*** Opening of Task input ***
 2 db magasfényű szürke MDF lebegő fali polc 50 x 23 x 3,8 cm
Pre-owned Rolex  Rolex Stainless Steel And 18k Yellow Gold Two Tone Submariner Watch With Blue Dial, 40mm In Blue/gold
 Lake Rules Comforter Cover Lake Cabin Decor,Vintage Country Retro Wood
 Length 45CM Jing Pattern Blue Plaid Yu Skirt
*** Close of Task input ***
*** Opening of Task input ***
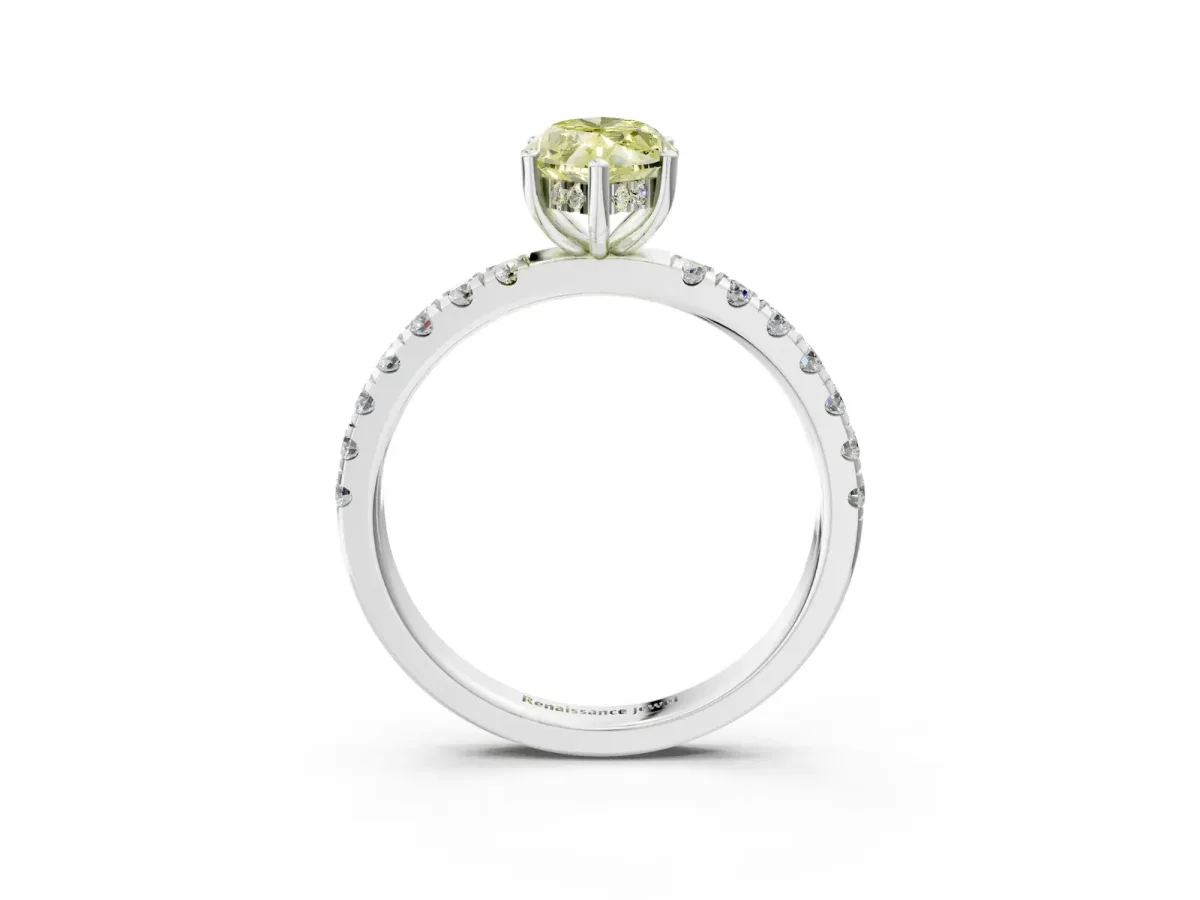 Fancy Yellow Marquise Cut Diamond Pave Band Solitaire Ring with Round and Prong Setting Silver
*** Close of Task input ***
- Work to complete: Reproduce, word for word and in full, only the lines above that start at the line with "Lake Rules Comforter" and run through the line with "Length 45CM Jing Pattern Blue Plaid Yu Skirt", both ends included.

- Completed task:
 Lake Rules Comforter Cover Lake Cabin Decor,Vintage Country Retro Wood
 Length 45CM Jing Pattern Blue Plaid Yu Skirt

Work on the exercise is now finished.